The panel was moderated by Missouri’s Mekonnen Ayano, a Harvard doctoral graduate and formerly an Ethiopian judge and World Bank legal counsel.  University of Missouri Dean Lyrissa Lidsky, an accomplished media law scholar, attended and live-tweeted the panel.

While away from campus, Peltz-Steele also attended the biennial meeting of Play the Game, an international conference of the Danish Institute for Sports Studies.  Play the Game aims to raise ethical standards and to promote democracy, transparency, and freedom of expression in world sport.  The meeting in Colorado was the organization’s first outside Europe.

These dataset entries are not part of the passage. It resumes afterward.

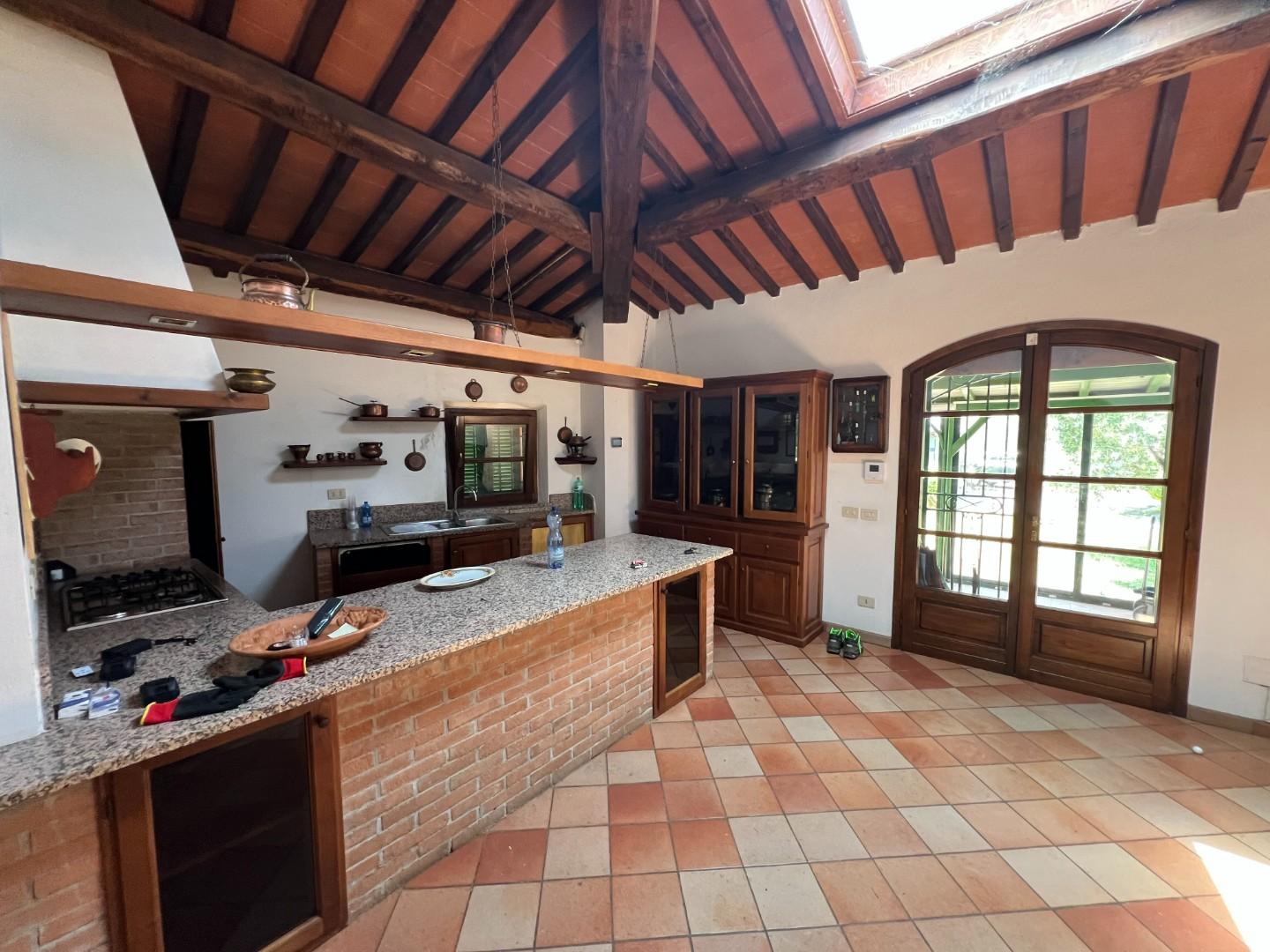 Immagine 7 di Casa colonica in vendita  a Castagneto Carducci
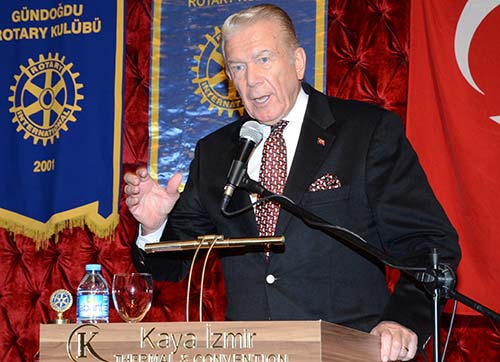 Dündardan Rotaryenlere övgü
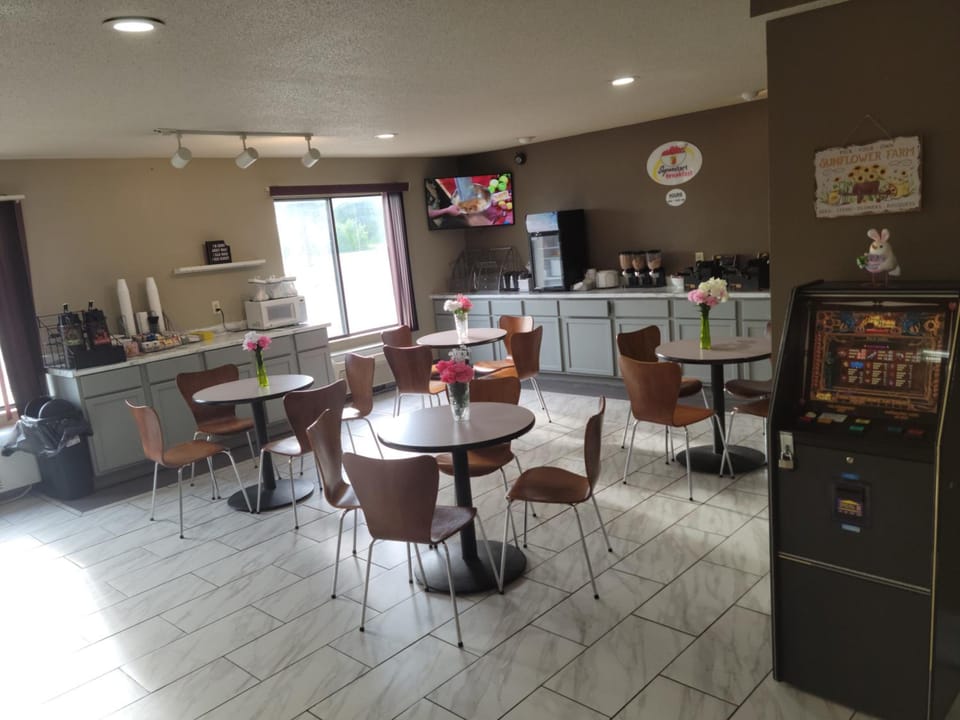 Super 8 By Wyndham Portage Hotel in Wisconsin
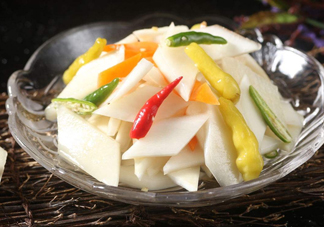 塑料瓶可以泡酸蘿卜嗎？泡蘿卜需要多少水和白醋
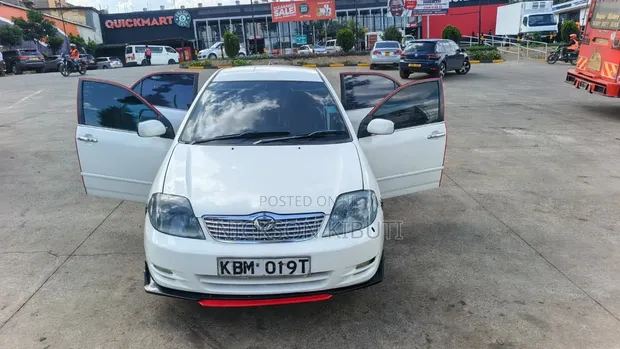 Toyota Corolla 2008 White - 1
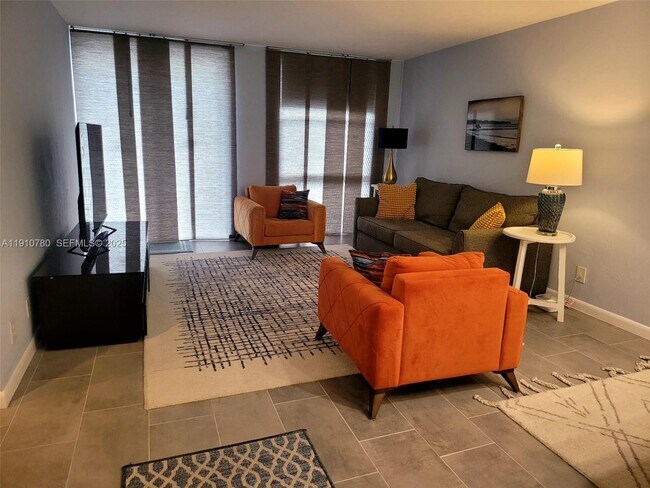 Building Photo - 1750 E Las Olas Blvd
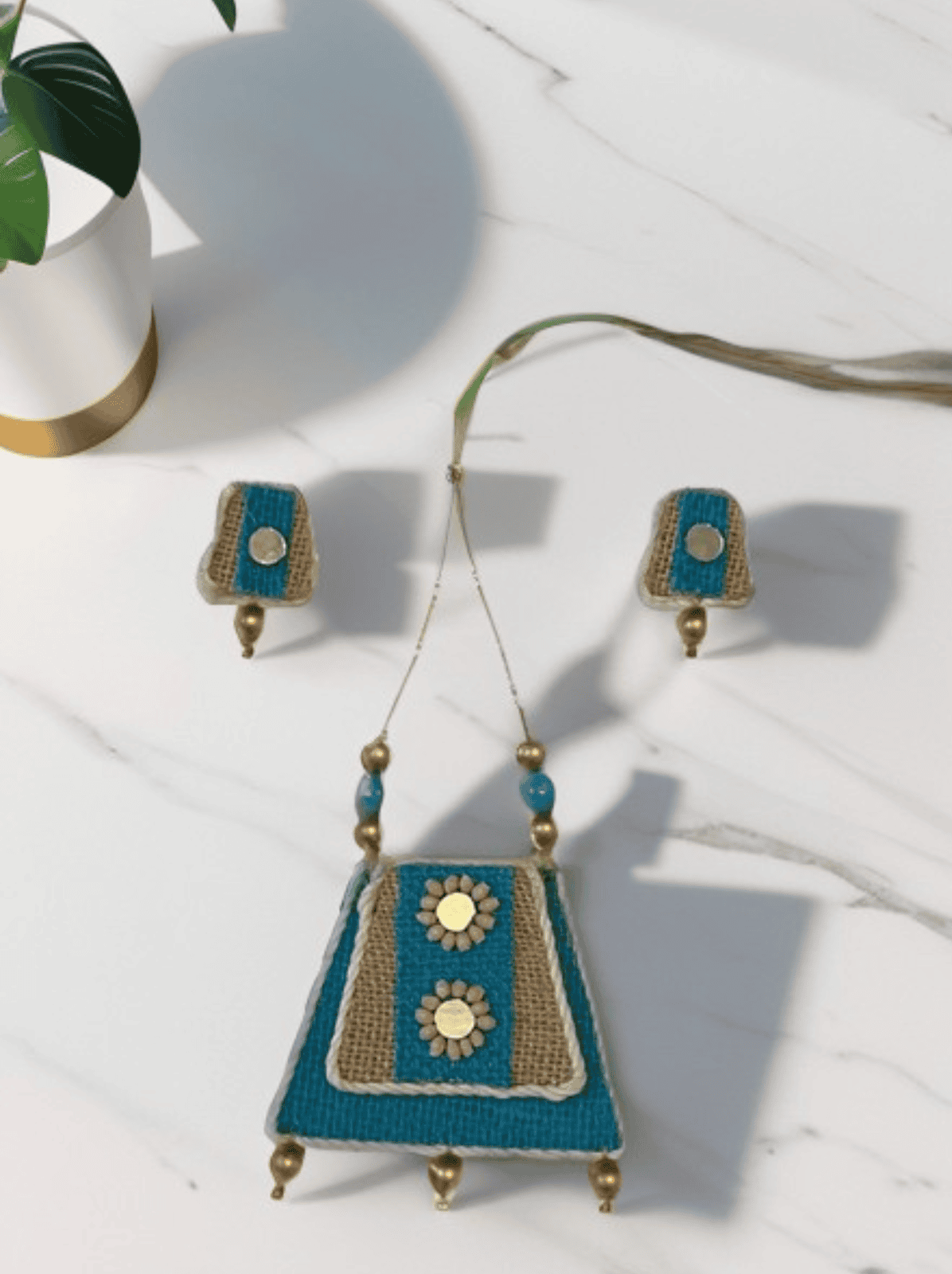 Blue mountain double dot design necklace set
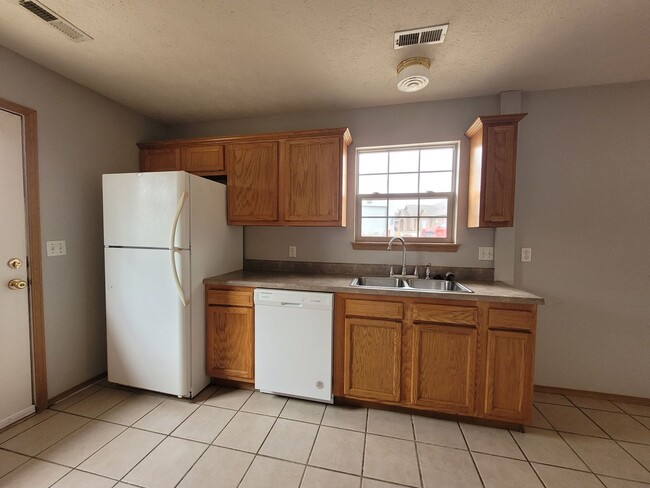 Building Photo - Large Duplex with 2 Bedrooms 2 Bathrooms a...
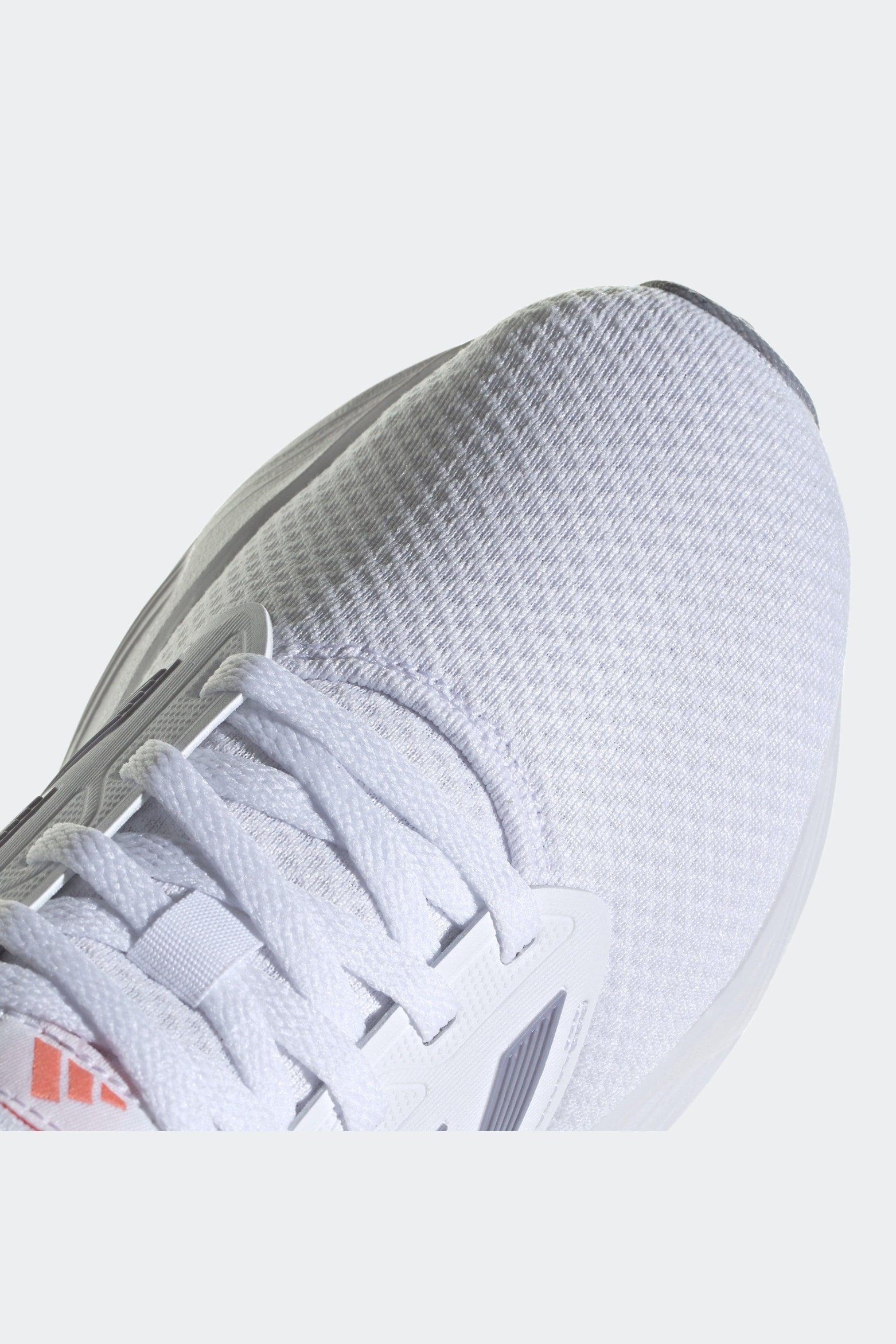 נעלי ריצה לנשים GALAXY 6 בצבע לבן - MASHBIR//365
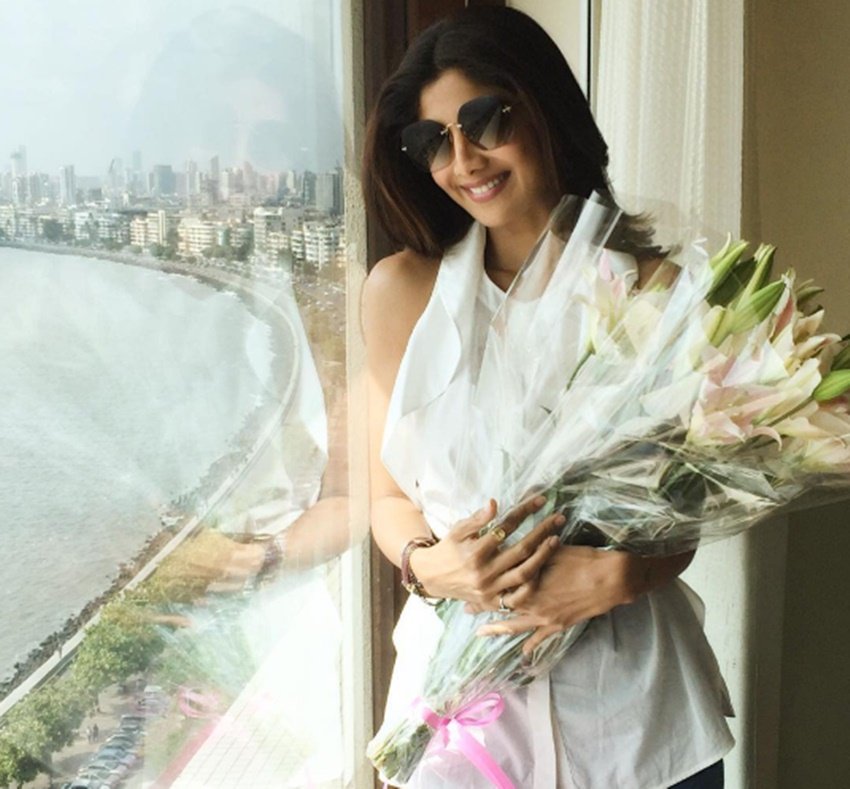 Shilpa Shetty, shilpa shetty birthday, shilpa shetty age, Shilpa Shetty birthday celebration, Shilpa Shetty Raj Kundra, Shilpa Shetty birthday pics, Shilpa Shetty pics, Shilpa Shetty husband, Raj Kundra, Shilpa Shetty pre-birthday dinner, Shilpa Shetty Raj kundra pics, Shilpa Shetty Instagram, Shilpa Shetty Latest News in hindi, Entertainment News, Jansatta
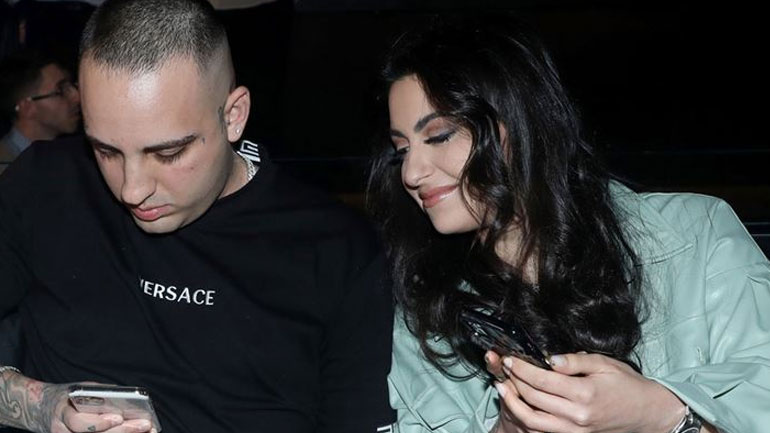 Mad Clip: Η πρώτη δημόσια εμφάνιση της πρώην συντρόφου του Αρετής επτά μήνες από τον θάνατό του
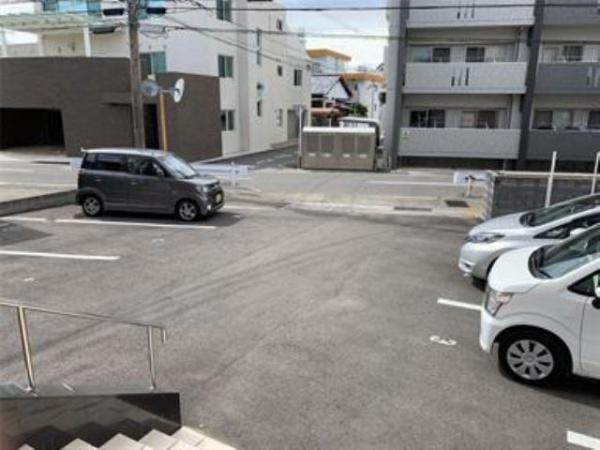 　駐車場　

Among the highlights of Play the Game, Peltz-Steele attended a panel on whistleblowers in world sport.  Panelists included Bryan Fogel, director of the Netflix documentary Icarus, on Russian Olympic doping; Yuliya and Vitaly Stepanov, whistleblowers in the Russian doping scandal; Damien Laren of the World Anti-Doping Agency; and Bonita Mersiades, an Australian sport executive who blew the whistle in the Australian bids for the 2018 and 2022 FIFA World Cup of men’s soccer.

Peltz-Steele wrote about the whistleblowing panel on his blog, The Savory Tort.